Hi. My name is Bill and I am an alcoholic.
Today is a very important day for me because it is the anniversary of my 21st year of sobriety. Yes, it is a mind-boggling 21 years without a drop of alcohol entering my body. As I reflect on the events of the past 21 years it is apparent to me that much has changed in me, hopefully, almost all of it for the better.
I believe the most important change has been my ability to live my life by one of the fundamental teachings of Alcoholics Anonymous, that is, "One Day At A Time."
This concept was totally foreign to me prior to March 18, 1990. Now, on reflection, it was the major thing that saved me during that first tumultuous and frightening year when it seemed that my world was crashing down around me. People who I thought were my friends were calling for my resignation, my young grandsons were being approached by aggressive reporters and my home in Bartow was being picketed by the Ku Klux Klan.
I think I survived, especially during that first terrible year, because I came to believe that my Higher Power, whom I choose to call God, would not deal me more than I could handle on any one day.
I also began to make my way through the AA program by attending meetings and by working the suggested 12 Steps Of Recovery, which are:
1. We admitted we were powerless over alcohol - that our lives had become unmanageable.
2. Came to believe that a Power greater than ourselves could restore us to sanity.
3. Made a decision to turn our will and our lives over to the care of God, as we understood Him.
4. Made a searching and fearless moral inventory of ourselves.
5. Admitted to God, to ourselves, and to another human being the exact nature of our wrongs.
6. Were entirely ready to have God remove all these defects of character.
7. Humbly asked Him to remove our shortcomings.
8. Made a list of all persons we had harmed, and became willing to make amends to them all.
9. Made direct amends to such people wherever possible, except when to do so would injure them or others.
10. Continued to take personal inventory and when we were wrong promptly admitted it.

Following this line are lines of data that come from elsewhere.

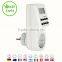 Digital LCD Programmable Switch TimerType with 8 Function Keys Europe Plug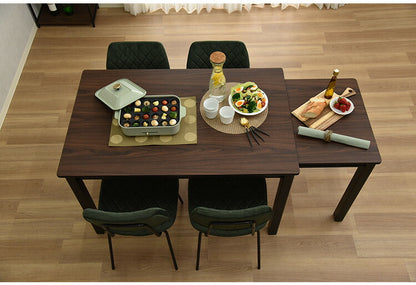 ダイニングテーブル 伸縮テーブル 4人 6人 8人 120cm幅 200cm幅 木製 4人掛け用 机 リビング おしゃれ 北欧 アンティーク ヴィンテージ ブライト PCデスク リモート(代引不可)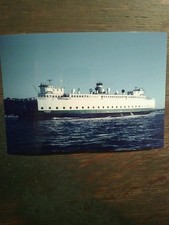5 x 7 COLOR PRINT THE M.V.FERRY KLICKITAT WASHINGTON STATE FERRIES VINTAGE picture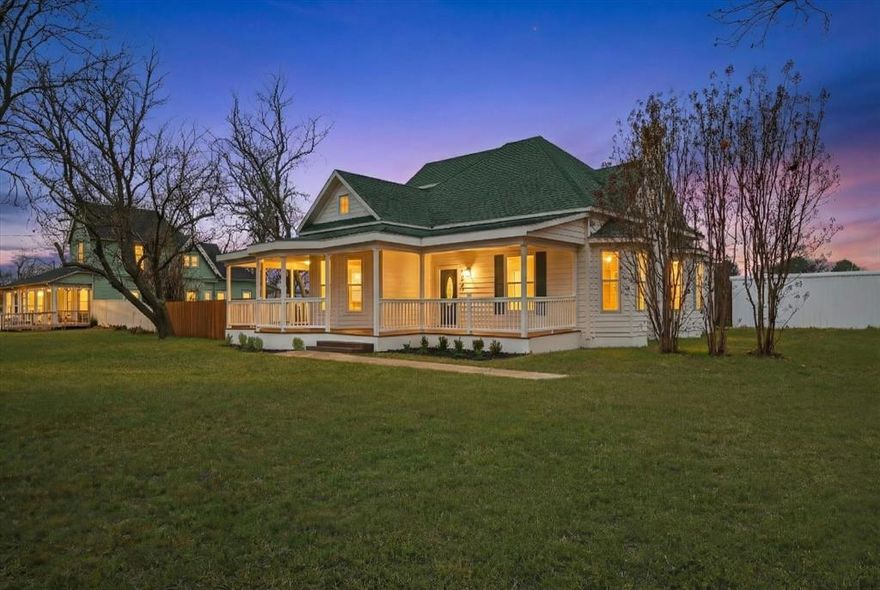 **Complete Renovation!** Discover this stunningly remodeled 3-bedroom, 2-bath farmhouse that has undergone a meticulous top-to-bottom renovation. Featuring a reinforced foundation, new electrical and plumbing systems, and a brand-new HVAC, this home is ready for modern living. Enjoy two beautifully designed bathrooms with custom tiled showers and stylish fixtures. The gourmet kitchen boasts custom cabinetry, a large island with quartz countertops, and a designer tile backsplash, perfect for entertaining. Additional highlights include restored hardwood floors, new carpets, custom interior doors, and a charming fireplace. Outside, you’ll find updated siding, new fencing, a refinished porch, and fresh exterior paint. This home truly combines modern luxury with classic farmhouse charm!

Collinsville, TX: A small-town charm with a welcoming community atmosphere, offering local amenities, parks, and schools. The location provides a peaceful retreat while still being accessible to larger cities for work and entertainment.

This farmhouse is perfect for buyers seeking a move-in-ready home with modern conveniences and classic charm. The extensive renovations mean no major repairs or updates are needed, allowing new owners to simply enjoy their beautiful new space.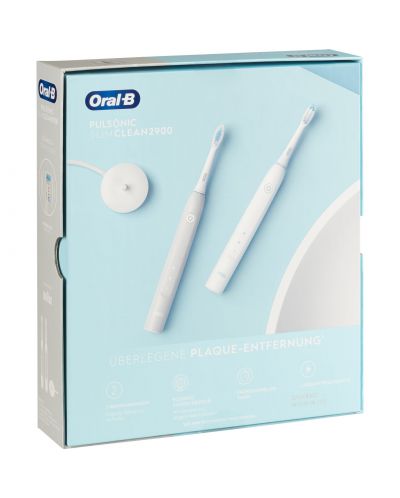 Комплект електрически четки за зъби Oral-B - Pulsonic Slim Clean 2900, сива/бяла - 4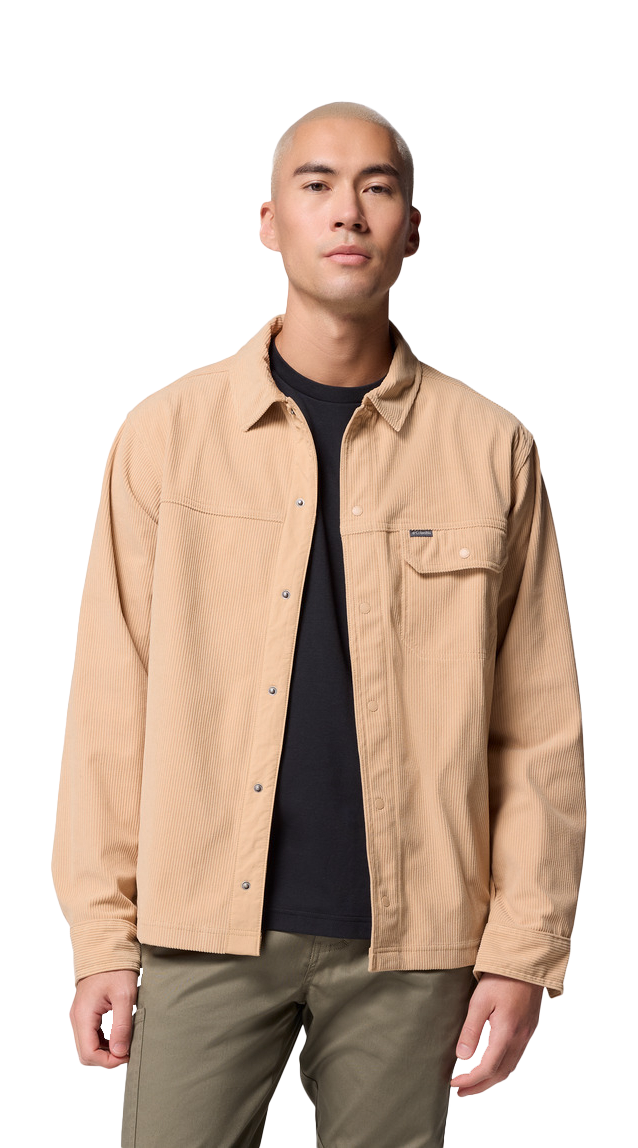 Image of Columbia Flare Gun Corduroy Long-Sleeve Shirt - Canoe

11. Sought through prayer and meditation to improve our conscious contact with God as we understood Him, praying only for knowledge of His will for us and the power to carry that out.
12. Having had a spiritual awakening as the result of these steps, we tried to carry this message to other alcoholics, and to practice these principles in all of our affairs.
As I have written before, at my retirement party in Bartow, FL, in January 1995, I made reference to the role of Alcoholics Anonymous in my recovery by reading the following from the book called "Twenty-Four Hours A Day" --
YESTERDAY, TOMORROW, AND TODAY
“There are two days in every week about which we should not worry, two days which should be kept from fear and apprehension. One of these days is yesterday, with its mistakes and cares, its faults and blunders, its aches and pains. Yesterday has passed forever beyond our control. All the money in the world cannot bring back yesterday. We cannot undo a single act we performed. We cannot erase a single word we said. Yesterday is gone beyond recall.
The other day we should not worry about is tomorrow, with its possible adversities, its burdens, its large promise, and perhaps its poor performance. Tomorrow is also beyond our immediate control. Tomorrow's sun will rise, either in splendor or behind a mask of clouds, but it will rise. Until it does, we have no stake in tomorrow, for it is as yet unborn.
This leaves only one day - today. Any one can fight the battles of just one day. It is only when you and I add the burden of those two awful eternities, yesterday and tomorrow, that we break down. It is not the experience of today that drives us mad. It is the remorse or bitterness for something which happened yesterday or the dread of what tomorrow may bring. Let us therefore do our best to live but one day at a time.” Twenty-Four Hours a Day, July 29, 30, and 31
Yes, this is how I have attempted to live my life for the past 7,635 days.
I deeply regret that 5 dear friends who were each with me at the beginning of my first steps toward recovery, are no longer able to share with me the wonderment of these 7,635 days lived One Day At A Time. I miss you guys, I really do.
I also must add that none of this time in recovery would have been possible without the dedicated staff at Hanley/Hazelden Center in West Palm Beach and the continued support of my family, and so many of you loyal and faithful readers. Thank you so very much.
To my NYC AA buddies, and you know who you are, thank you for allowing me to stand beside you during these difficult and trying times. Together we will continue to survive, in sobriety. Seeya at the 12:30pm Beginners Meeting.
In closing - not to preach - but aren’t The 12 Steps and One Day At A Time, in and of themselves, pretty good guidelines for living a meaningful and manageable life?
I report - you decide.
PS: My loyal and faithful readers, please feel free to pass this on to anyone of your choosing.